Institute for Far Eastern Studies (IFES)
2016-12-7

A new shopping website, ‘Manmulsang’, has been launched in North Korea. The North Korean site, announced that there is “recently in our republic a new shopping website [e-commerce] offering a wide variety of commercial services through the state computer network and mobile telecoms network.”

According to the site, Manmulsang was developed by Yonpung Commercial Information Technology Company, and allows users to find information about domestically produced and imported products, as well as to read information about the economic activities of vendors registered on the website. Additionally, it has features including an ‘e-shop’, ‘economic information’, ‘upload product’, ‘announcements’, ‘my products’, ‘restaurant information’ and ‘food order’.

There are hundreds of products available in the ‘e-shop’, with the site saying “this site has new and special service features that distinguish it from sites that have existed before: it allows users to read domestic and foreign economic information – economic information services – and to order food via food order services.”

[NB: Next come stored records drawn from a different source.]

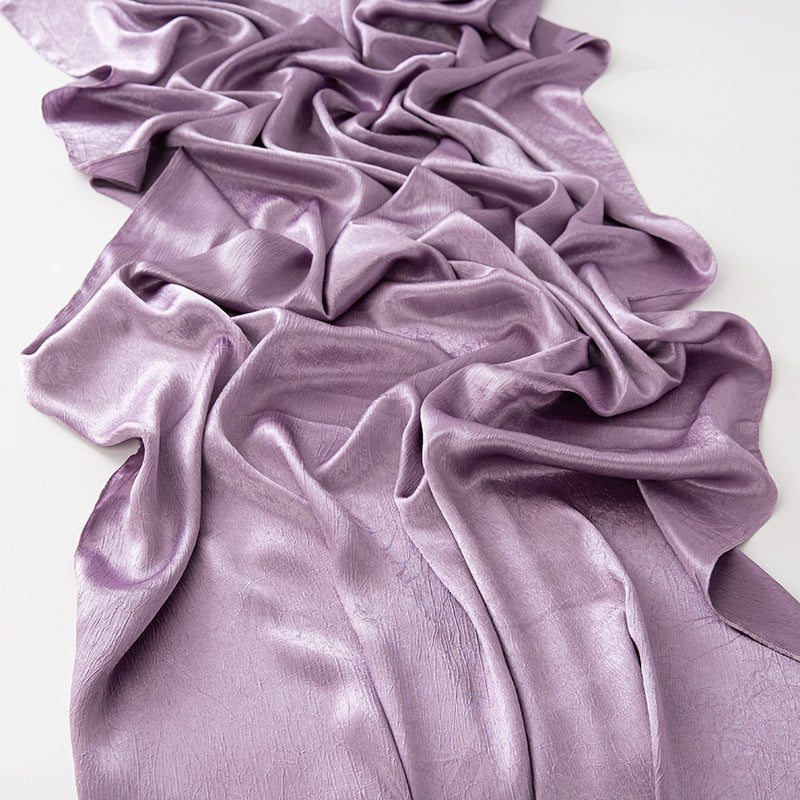 New Style Crinkled Satin Scarf With A Silky Smooth Feel, Perfect As A Headscarf Or Shawl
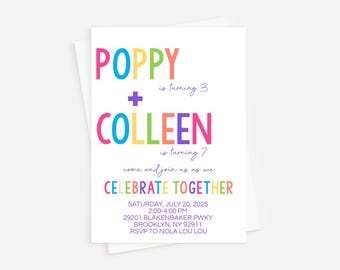 Sister Birthday Invitation: Rainbow Theme, Twin Party (INSTANT DOWNLOAD)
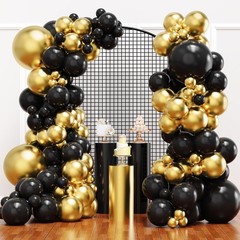 YMSZ Black and Gold Balloons, Black and Metallic Gold Balloons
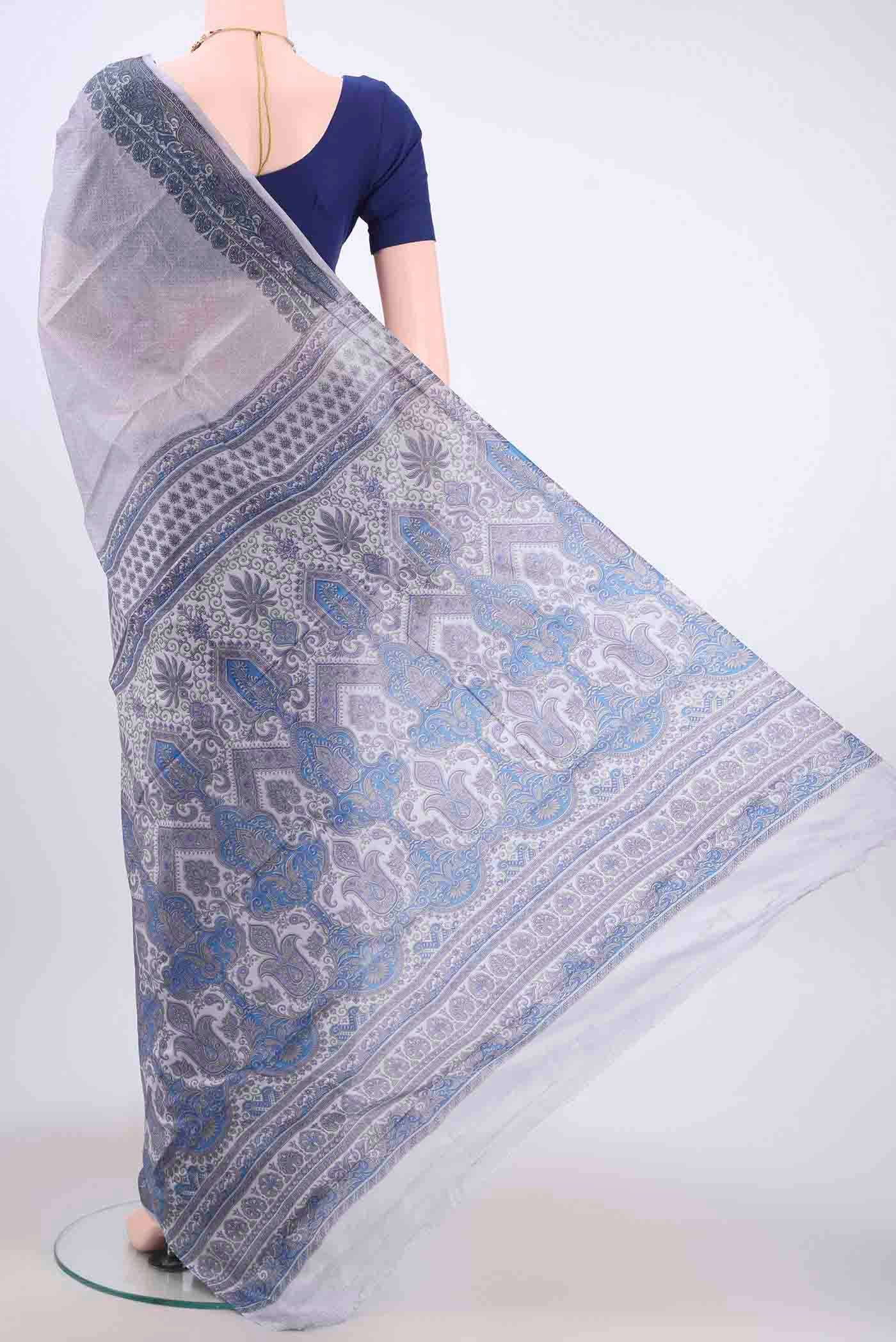 Mauve Printed Silk Saree - Image 3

North Korea has demonstrated an interest in e-commerce since 2005. In an article entitled ‘The features of e-commerce and issues with its development’ published in Sahoegwahakwon hakbo [Social Science Studies Review] (Issue 2, 2005), the author, North Korean professor Ri Haeng Ho, says “With the rapid development of information technology, new phenomena are evident that were not previously visible in the economy”. In the article, Ri introduces the features, advantages and tasks related to e-commerce.

Ri also says that “beyond the development of e-commerce, commercial distribution is expanding into previously unimaginable areas. . . . Trade is expanding through the internet, and e-markets are being launched, providing information relevant to the market price of traded goods and thus facilitating trade.” Thus, Ri states e-transactions are characterized by the openness of commercial activity, the centrality of small, specialized retailers, and the emergence new specialist brokerage services.

Ri also argued that “the introduction of e-commerce will, with the aid of information technology, maximize effectiveness in commercial transactions, reduce production costs and raise profit. . . . E-commerce can cut waste and maximize cost reduction.”

As advantages he listed: (1) saving manpower and time through overcoming physical distance, standards and divisions; (2) reducing prices through using virtual shops; and (3) minimize unnecessary production and waste.

Ri goes on to emphasize that while company-company and company-individual transactions are highly active, there is a need to expand electronic payment systems, deal with tax payment issues, revise relevant laws, and establish computer security systems.

An article entitled “General Understanding of e-commerce” carried in Social Science Studies Review (Issue 3, 2005) also asserts that “In order to creatively apply the results of e-commerce transactions to our country’s specific trade conditions and circumstances, there is a need to deepen research into e-commerce transactions.”

At the same time, the Swiss Agency for Development and Cooperation (SDC) opened the Pyongyang Business School in July 2005, and the school has taught e-commerce, advertising and public relations management, new product development and marketing strategy, among other subjects, to North Korean government cadres, trade company personnel, and foreign trade research institution personnel, most of whom are in their forties and fifties.